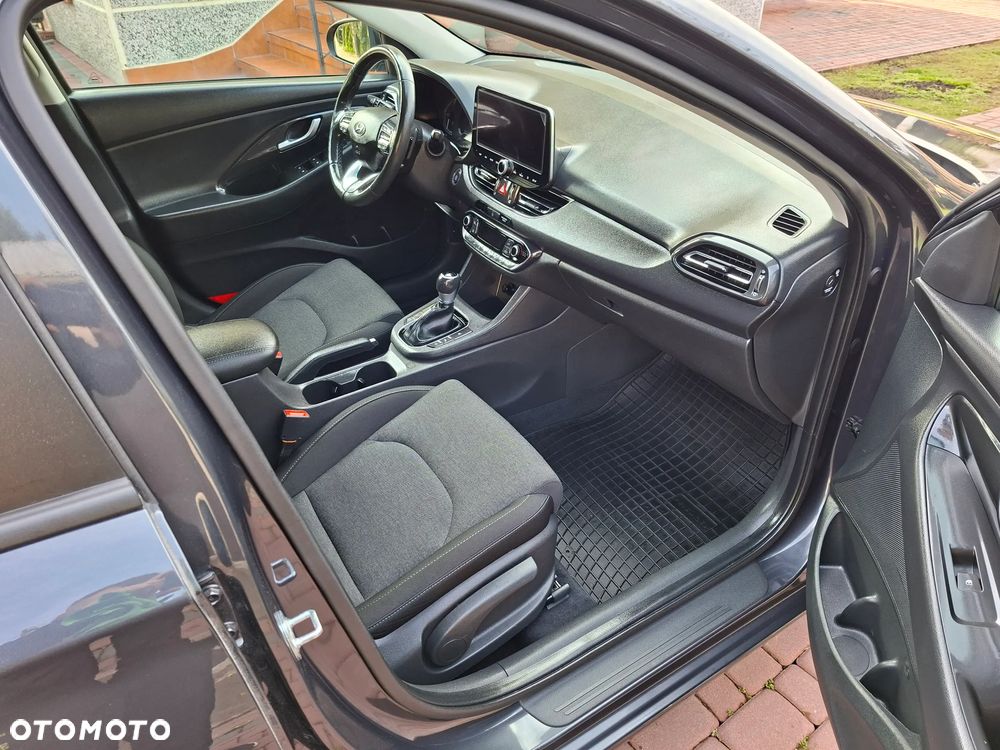 Hyundai i30 1.0 T-GDI DCT Connect & Go - 9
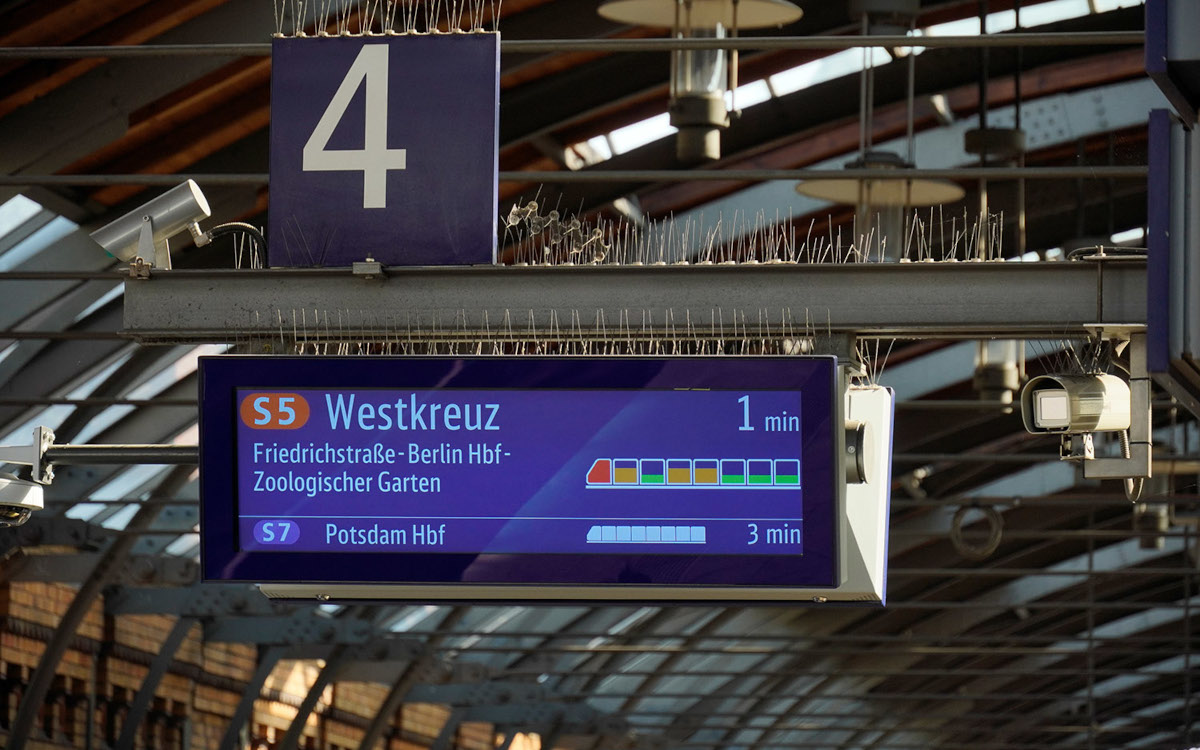 Grün, gelb, rot - ein Ampelschema zeigt auf Fahrgast-Displays der Berliner S-Bahn die Auslastung an. (Foto: Tom Hartung)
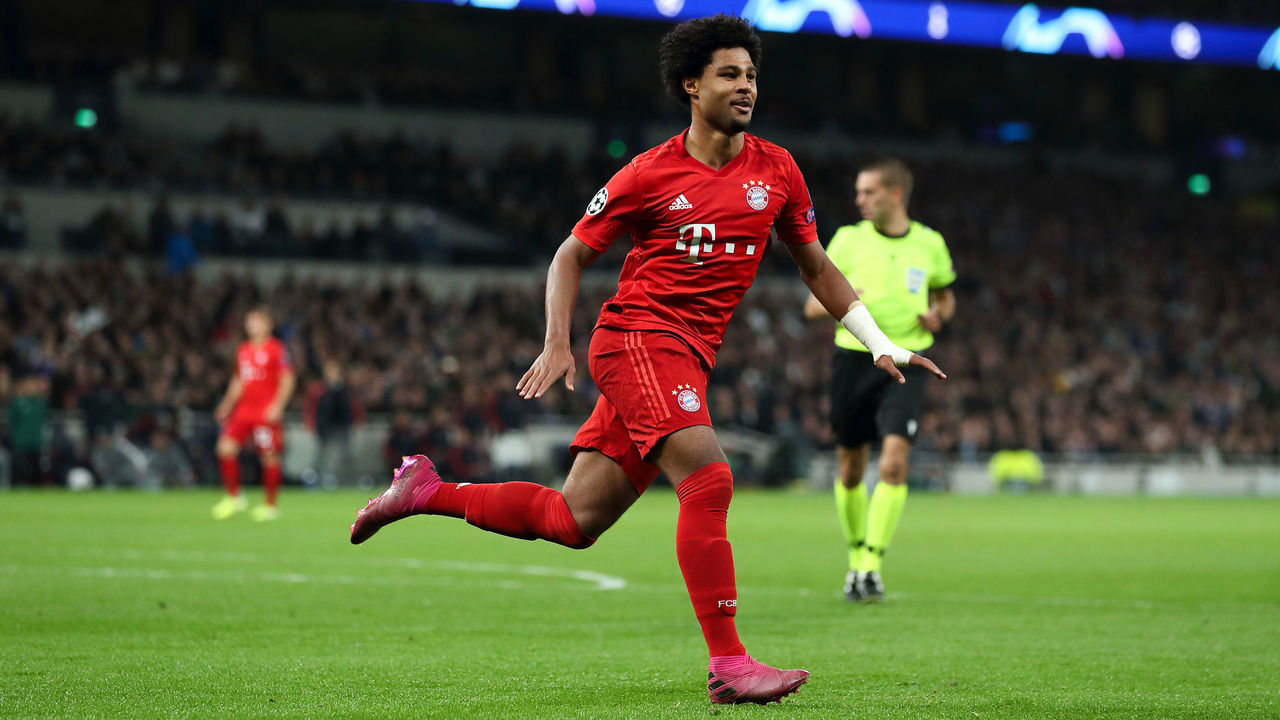 LONDON, ENGLAND - OCTOBER 01: Serge Gnabry of Bayern Munich celebrates after scoring a goal to make it 1-4 during the UEFA Champions League group B match between Tottenham Hotspur and Bayern Muenchen at Tottenham Hotspur Stadium on October 1, 2019 in London, United Kingdom.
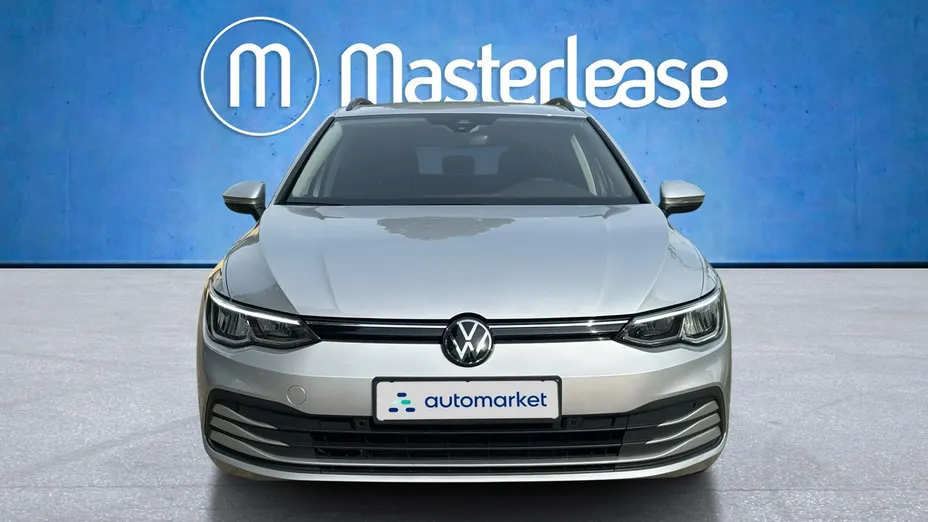 VOLKSWAGEN Golf -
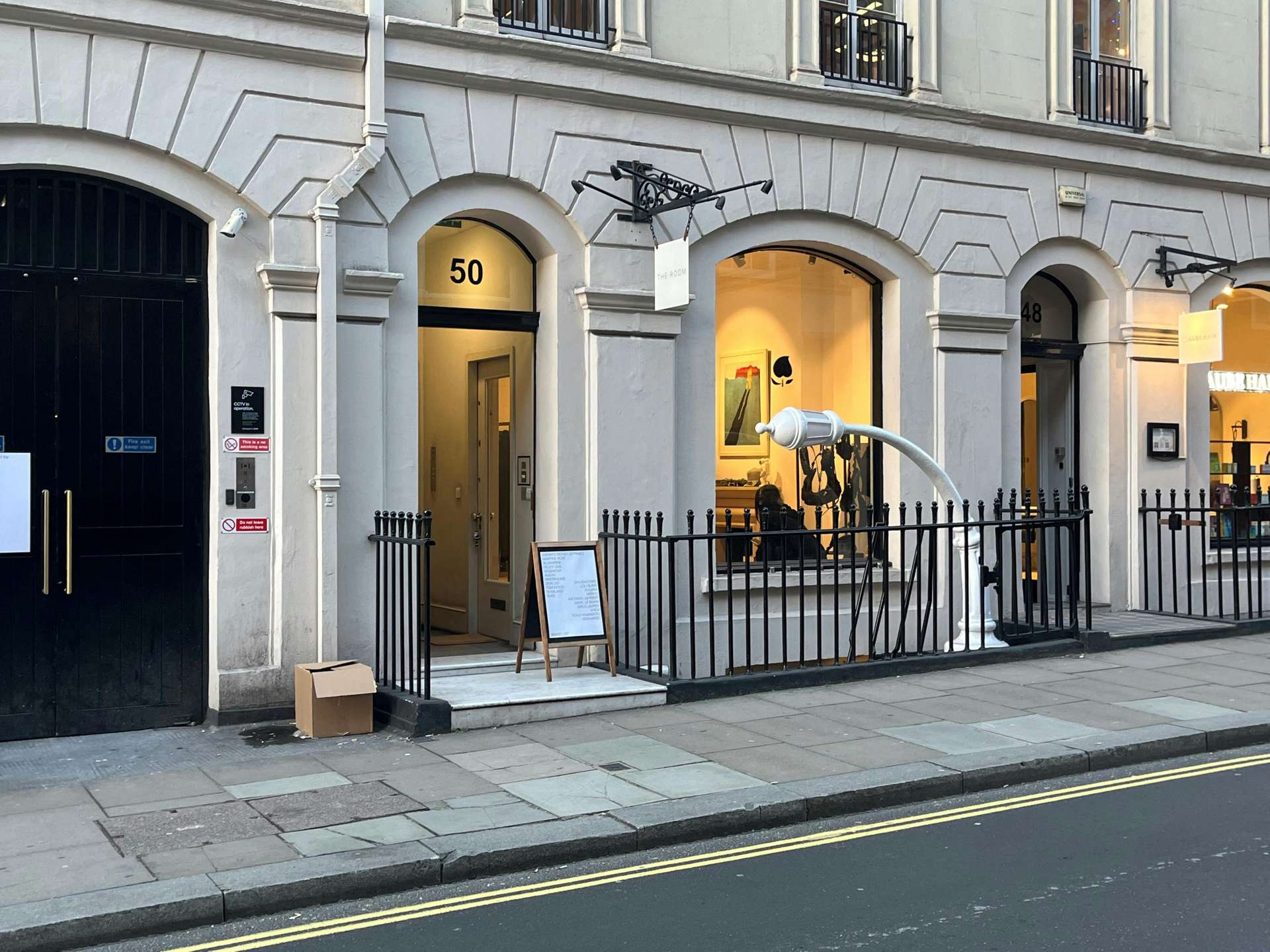 Retail to let - 50 Maddox Street, Mayfair, W1S 1AY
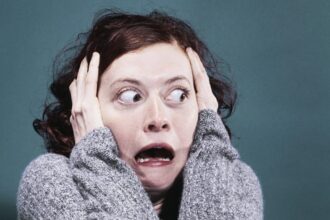 Žmonės visuomet gyveno kamuojami pačių įvairiausių baimių. Neretai net patys to nežinodami ar nepripažindami, o kartais ir patys ieškodami siaubo istorijų, leidžiančių geriau pasijusti. Apie tai, ko mes visi bijome, kalbėjomės su psichologu, psichologijos mokslų daktaru Mariumi DAUGELAVIČIUMI.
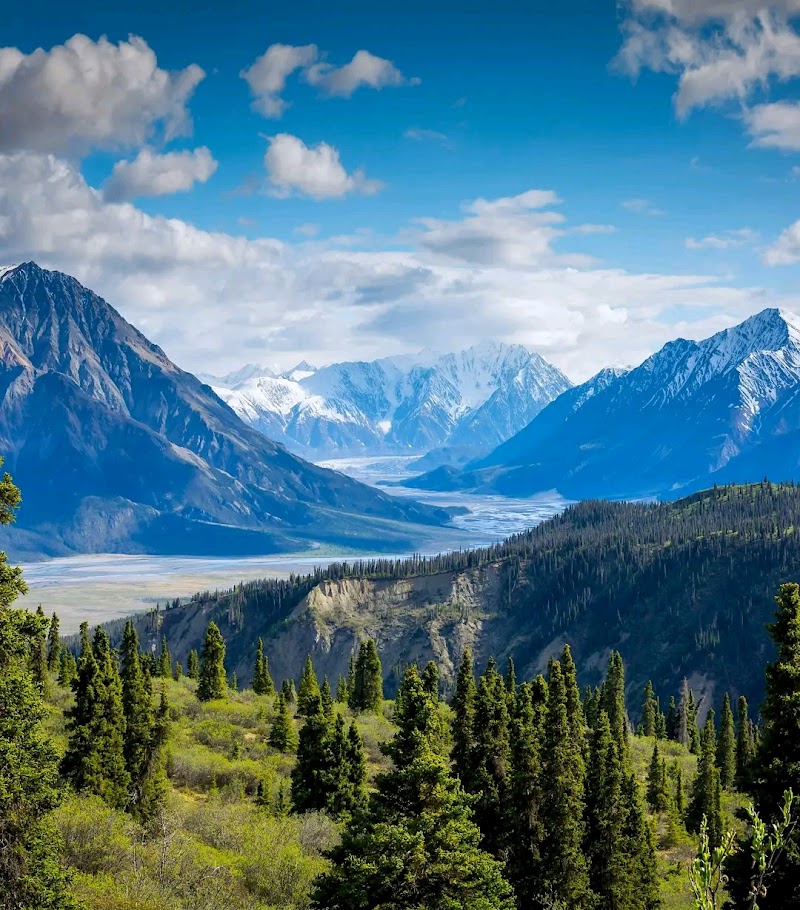 Kluane National Park and Reserve in Haines Junction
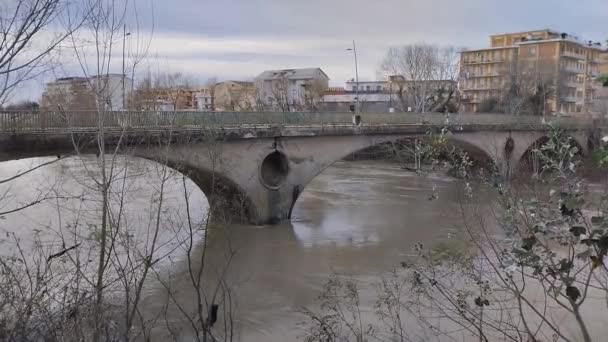 Level Volturno River Rises City Capua Heavy Rainfall Abundant Rains — Stockvideo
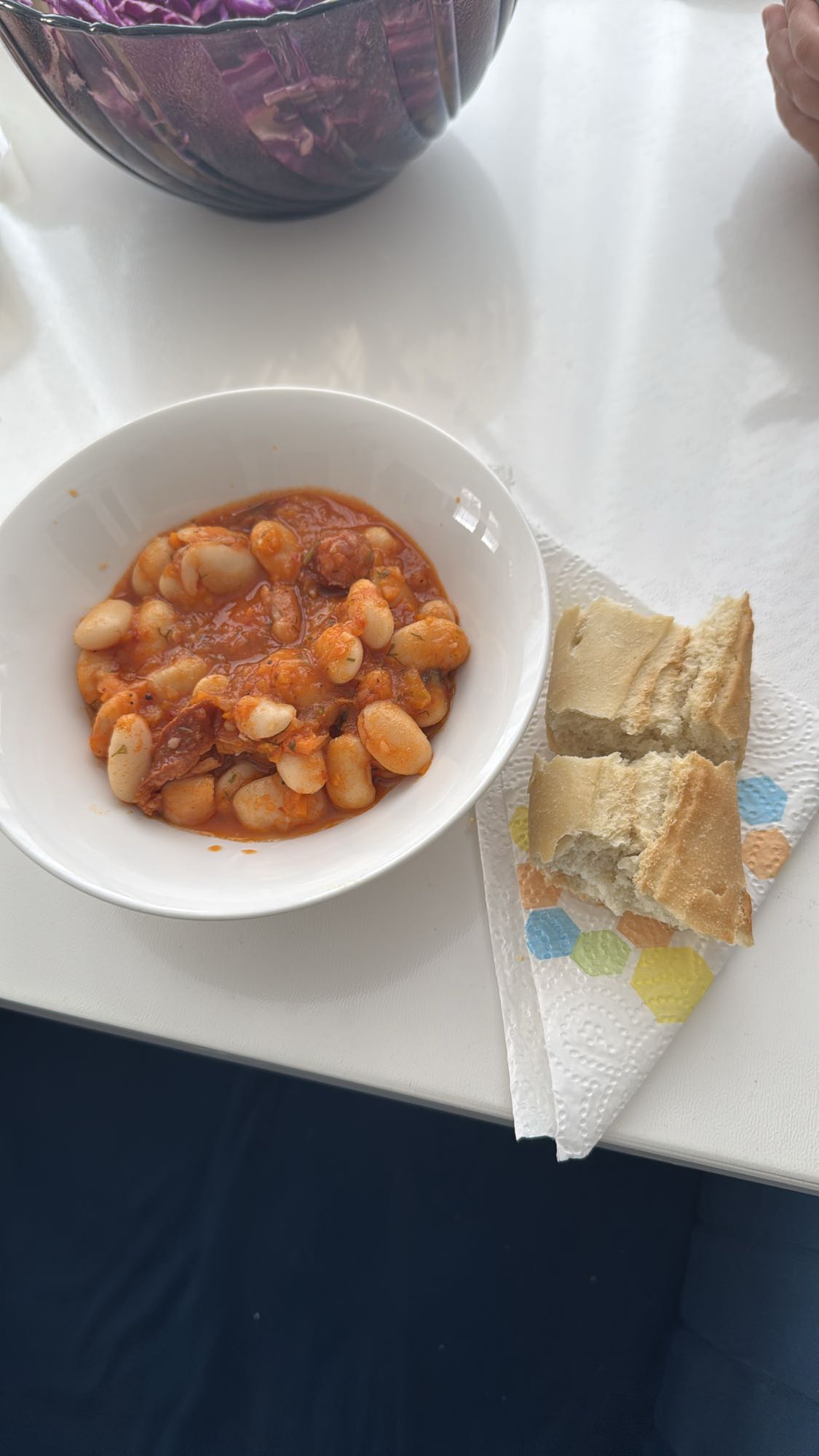 Fasole cu pâine și salată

◆ What you should do: Set down every line above exactly, pictures excluded.

◆ Task result:
 Hyundai i30 1.0 T-GDI DCT Connect & Go - 9
 Grün, gelb, rot - ein Ampelschema zeigt auf Fahrgast-Displays der Berliner S-Bahn die Auslastung an. (Foto: Tom Hartung)
 LONDON, ENGLAND - OCTOBER 01: Serge Gnabry of Bayern Munich celebrates after scoring a goal to make it 1-4 during the UEFA Champions League group B match between Tottenham Hotspur and Bayern Muenchen at Tottenham Hotspur Stadium on October 1, 2019 in London, United Kingdom.
 VOLKSWAGEN Golf -
 Retail to let - 50 Maddox Street, Mayfair, W1S 1AY
 Žmonės visuomet gyveno kamuojami pačių įvairiausių baimių. Neretai net patys to nežinodami ar nepripažindami, o kartais ir patys ieškodami siaubo istorijų, leidžiančių geriau pasijusti. Apie tai, ko mes visi bijome, kalbėjomės su psichologu, psichologijos mokslų daktaru Mariumi DAUGELAVIČIUMI.
 Kluane National Park and Reserve in Haines Junction
 Level Volturno River Rises City Capua Heavy Rainfall Abundant Rains — Stockvideo
 Fasole cu pâine și salată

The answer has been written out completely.